Are you prepared for a cyberbreach?

people in business meeting

Every day, it seems, another cyberattack hits the news.

No one is safe. Hackers even recently launched assaults against the servers supporting the Pokemon Go game. That’s how common cyberattacks have become.

Still, many companies aren’t prepared to fend off cyberintruders. Recently, I joined Todd Waskelis, executive director, AT&T Security Consulting, for a webinar that examined why and how you should prepare for a cyberbreach.

The why part of the equation should be obvious. Organizations of all sizes and types face a growing variety of threats, from traditional distributed denial of service (DDoS) attacks to more concealed — and usually more damaging — ransomware.

In a survey we conducted in 2015, 62 percent of the responding businesses said they had been breached. Yet only 34 percent of the companies in the survey reported having an effective incident response plan, despite the fact that cyberattacks can literally take a business out of business by damaging its credibility and its bottom line.

Not If, But When: A CEO’s Guide to Cyberbreach Response from AT&T

Effective planning is the best protection

Malware protection, firewalls, segmentation to help protect traffic in transit, and other measures are all great defenses, especially when applied in a layered approach. But at the end of the day, as Todd emphasized during the webinar, you must have a plan to respond and recover in case an attack is successful.

Here are four steps to help you get started on your plan.

1. Evaluate your security needs

Todd explained that a good response plan is not one you pull out of a book or from an online resource, but one that is tailored to your organization.

To start, consider what your critical assets are, what processes and people could be impacted by a breach, what type of data you store, and what kind of impact having that data stolen or manipulated could have.

2. Identify your resources

Next, make sure you have the proper resources in place to carry out your plan.

I find that one of the biggest obstacles to implementing an effective plan is figuring out who should be on the response team. Don’t leave it solely to your security team.

A breach won’t just affect the security staff; it will impact the entire company, so your response team should include representatives from across the business.

The legal team should be there to evaluate legal implications. Other members of the IT team should be there. Public relations and communications staff should be called in to help plan the public response to the breach. And your C-level team must be involved to provide leadership and a sense of control to the team.

3. Practice, practice, practice

Once you’ve identified the response team members, you must—as Todd likes to say—plan the work and work the plan. Don’t file away your plan on an internal website or shared drive and forget about until you need it. Practice.

Conduct drills and tabletop exercises. Go through mock scenarios of lost laptops, DDoS attacks, and other possible breaches. Observe team members and their responses, and provide feedback to help them improve their performance.

4. Consider involving third parties

Some companies hold drills using their staff only. Others bring in third parties who can look at the situation with unbiased eyes and offer advice that could make the response more effective.

Some companies, especially small and midsized businesses, may also choose to bring in third parties to manage all or part of their security efforts. For organizations without a lot of high-level security expertise in-house, allowing a provider to help define and run their security plan can be the best route in terms of cost and effectiveness.

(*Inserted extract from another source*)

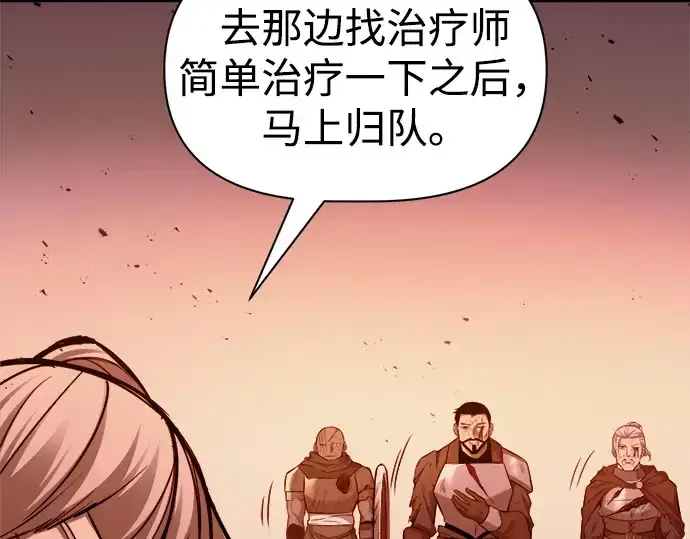 漫画《成为塔防游戏里的暴君》第105话第163张图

Learn more about preparing for a cyberbreach

During the webinar, Todd and I also discussed other aspects of an effective response to a cyberbreach:

  • Steps you should take in the first 24 hours after an incident
  • How and why you should train all your employees on cybersecurity
  • Four levels of readiness for a cyberattacks
  • Importance of investing in prevention and detection technologies to help defend against day-to-day threats

To hear our entire discussion and our answers to some of your colleagues’ questions about cybersecurity, watch the replay of our webinar, “Not If, but When: The CEO’s Guide to Cyberbreach Response.” You can find the accompanying SlideShare presentation on LinkedIn.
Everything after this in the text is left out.